For this study, we proposed to more thoroughly explore the performance of classification pipelines for short‐read shotgun metagenomic sequence data, focusing on the performance of Kraken (Wood and Salzberg, 2014), Centrifuge (Kim et al., 2016), and MegaBLAST (Zhang et al., 2000). Kraken was chosen for this study as the k‐mer classifier over CLARK (Ounit et al., 2015), primarily because Kraken is more widely used and cited at this point and performance is similar depending on settings (Ounit et al., 2015). Performance will be tested on a simulated short‐read data set and the Pedersen et al. (2016) aDNA soil metagenome data against a single, plant‐targeted reference database. The goals of the proposed study were to: (1) demonstrate the use of high‐throughput sequence read classification programs using reference databases customized for plant genomic data, (2) quantify false‐positive rates under different database/algorithm schemes, (3) provide examples and documentation of how these methods can be implemented, and (4) demonstrate and discuss the relative merits of alignment‐based and k‐mer‐based classification algorithms in the context of plant community metagenomics and previous findings from sedimentary aDNA sequencing studies (Pedersen et al., 2016). The results of this study will inform future studies of plant aDNA as well as studies using eDNA for the biomonitoring of plant community composition in recent time for the presence of spatially or temporally rare plants (Sjögren et al., 2017) and studies establishing conservation baselines from pre‐colonization vegetation (Wilmshurst et al., 2014).

METHODS

Code to reproduce all analyses in this study is publicly available at https://github.com/rsh249/ISOETES1.git. Details and instructions on the methods presented here can be found by viewing the README file associated with the ISOETES1 repository ( https://github.com/rsh249/ISOETES1/blob/master/README.md). This repository includes scripts to download and convert sequence data to build the reference database targeting plants and bash scripts to build reference indices, run read classification programs, and summarize results.

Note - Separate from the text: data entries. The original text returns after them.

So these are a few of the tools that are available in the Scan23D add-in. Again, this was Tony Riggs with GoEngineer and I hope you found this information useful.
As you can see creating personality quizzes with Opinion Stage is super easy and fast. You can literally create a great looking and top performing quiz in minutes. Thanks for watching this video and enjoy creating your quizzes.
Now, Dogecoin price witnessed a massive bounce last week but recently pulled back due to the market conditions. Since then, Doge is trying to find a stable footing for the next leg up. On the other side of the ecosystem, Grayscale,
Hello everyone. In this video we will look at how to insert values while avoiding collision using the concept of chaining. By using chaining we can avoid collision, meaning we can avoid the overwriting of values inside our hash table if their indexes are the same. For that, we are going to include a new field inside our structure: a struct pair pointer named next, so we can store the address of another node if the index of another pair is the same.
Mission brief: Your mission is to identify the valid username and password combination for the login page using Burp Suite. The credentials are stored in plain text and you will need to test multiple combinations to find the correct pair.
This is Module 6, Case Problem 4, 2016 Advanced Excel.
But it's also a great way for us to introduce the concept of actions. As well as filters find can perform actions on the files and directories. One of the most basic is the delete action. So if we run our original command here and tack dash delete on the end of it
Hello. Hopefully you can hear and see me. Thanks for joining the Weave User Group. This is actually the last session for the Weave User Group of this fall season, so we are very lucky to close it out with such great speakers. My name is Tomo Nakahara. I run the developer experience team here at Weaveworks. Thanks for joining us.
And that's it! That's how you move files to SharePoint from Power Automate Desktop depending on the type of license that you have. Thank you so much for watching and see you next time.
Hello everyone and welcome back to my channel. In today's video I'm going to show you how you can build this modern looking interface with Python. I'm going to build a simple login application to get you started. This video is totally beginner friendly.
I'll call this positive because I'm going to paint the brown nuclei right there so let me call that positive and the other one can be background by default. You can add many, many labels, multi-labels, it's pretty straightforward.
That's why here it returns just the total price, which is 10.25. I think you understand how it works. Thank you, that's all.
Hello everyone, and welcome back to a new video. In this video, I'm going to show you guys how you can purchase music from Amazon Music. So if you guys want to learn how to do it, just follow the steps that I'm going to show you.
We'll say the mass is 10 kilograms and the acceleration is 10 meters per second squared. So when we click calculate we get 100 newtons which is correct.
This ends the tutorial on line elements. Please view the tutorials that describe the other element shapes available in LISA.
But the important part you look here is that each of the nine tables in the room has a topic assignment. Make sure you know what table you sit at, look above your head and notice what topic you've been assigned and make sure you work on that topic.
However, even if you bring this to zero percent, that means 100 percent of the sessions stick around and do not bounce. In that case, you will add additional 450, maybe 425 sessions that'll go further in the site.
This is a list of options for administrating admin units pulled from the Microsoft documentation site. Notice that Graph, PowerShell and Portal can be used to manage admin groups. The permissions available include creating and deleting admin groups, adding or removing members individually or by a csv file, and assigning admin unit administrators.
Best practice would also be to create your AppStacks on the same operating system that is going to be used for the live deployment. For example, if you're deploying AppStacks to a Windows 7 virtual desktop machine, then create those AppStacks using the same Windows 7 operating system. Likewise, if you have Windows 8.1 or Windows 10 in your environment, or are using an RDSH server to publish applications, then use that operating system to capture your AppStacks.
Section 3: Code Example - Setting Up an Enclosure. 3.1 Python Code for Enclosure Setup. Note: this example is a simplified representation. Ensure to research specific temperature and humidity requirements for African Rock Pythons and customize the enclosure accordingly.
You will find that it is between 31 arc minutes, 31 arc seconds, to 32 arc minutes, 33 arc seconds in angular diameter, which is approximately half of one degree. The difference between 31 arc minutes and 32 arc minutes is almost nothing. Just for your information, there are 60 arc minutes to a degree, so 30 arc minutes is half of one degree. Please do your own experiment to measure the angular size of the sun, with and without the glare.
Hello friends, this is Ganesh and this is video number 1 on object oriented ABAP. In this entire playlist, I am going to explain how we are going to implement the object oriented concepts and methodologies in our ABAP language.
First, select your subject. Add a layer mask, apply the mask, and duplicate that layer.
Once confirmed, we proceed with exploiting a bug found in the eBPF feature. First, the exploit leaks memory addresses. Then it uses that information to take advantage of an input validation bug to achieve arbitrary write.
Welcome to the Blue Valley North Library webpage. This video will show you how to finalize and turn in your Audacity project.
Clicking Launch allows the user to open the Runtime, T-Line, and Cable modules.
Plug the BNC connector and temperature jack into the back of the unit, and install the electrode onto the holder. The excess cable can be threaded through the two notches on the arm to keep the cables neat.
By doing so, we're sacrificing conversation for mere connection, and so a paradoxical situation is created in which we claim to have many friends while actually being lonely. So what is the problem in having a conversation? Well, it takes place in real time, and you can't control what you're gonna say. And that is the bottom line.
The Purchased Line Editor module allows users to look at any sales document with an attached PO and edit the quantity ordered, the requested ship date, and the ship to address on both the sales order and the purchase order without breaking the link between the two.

Reference sequence data from all plant (Viridiplantae) taxa in GenBank (Wheeler et al., 2007) and the RefSeq chloroplast sequences (Pruitt et al., 2006) were downloaded from the NCBI repositories. This strategy for the reference database was applied over a total evidence approach of using the entire NCBI nt database for two reasons: (1) the custom database built here is feasible to work with on most modern consumer computers with at least 16 GB of RAM, and (2) the time to classify against the reduced, plant‐specific custom database was low for all methods and this made it possible to run several iterations of the classification experiment on simulated data. MegaBLAST (Zhang et al., 2000) can use these data directly, whereas Centrifuge (Kim et al., 2016) builds a reference database using the Burrows–Wheeler transform (Burrows and Wheeler, 1994) and Ferragina–Manzini index (Ferragina and Manzini, 2000) and Kraken (Kim et al., 2016) builds an ordered k‐mer hash table in Jellyfish 1.x (Marçais and Kingsford, 2011).

The same preprocessing steps and postanalysis filtering were performed in all analyses. The genome assembly program String Graph Assembler (Simpson and Durbin, 2012; Simpson, 2014) was used to clean raw read data to remove duplicate, repetitive, and low‐quality reads (for details, see: https://github.com/rsh249/ISOETES1/blob/master/reproduce/kraken_search_fastq). Cleaned and quality‐controlled reads were analyzed using Kraken 0.10.6‐unreleased (Wood and Salzberg, 2014), Centrifuge 1.0.3‐beta (Kim et al., 2016), and MegaBLAST 2.2.26 (Zhang et al., 2000) to test three different approaches to short‐read alignment and classification. Kraken and Centrifuge were run using all default settings (Wood and Salzberg, 2014; Kim et al., 2016). MegaBLAST was run with a minimum word size of 11 bp. All read classifications were referenced against the NCBI taxonomy (downloaded August 2016; Federhen, 2011) to identify the lowest common ancestor associated for each classified read.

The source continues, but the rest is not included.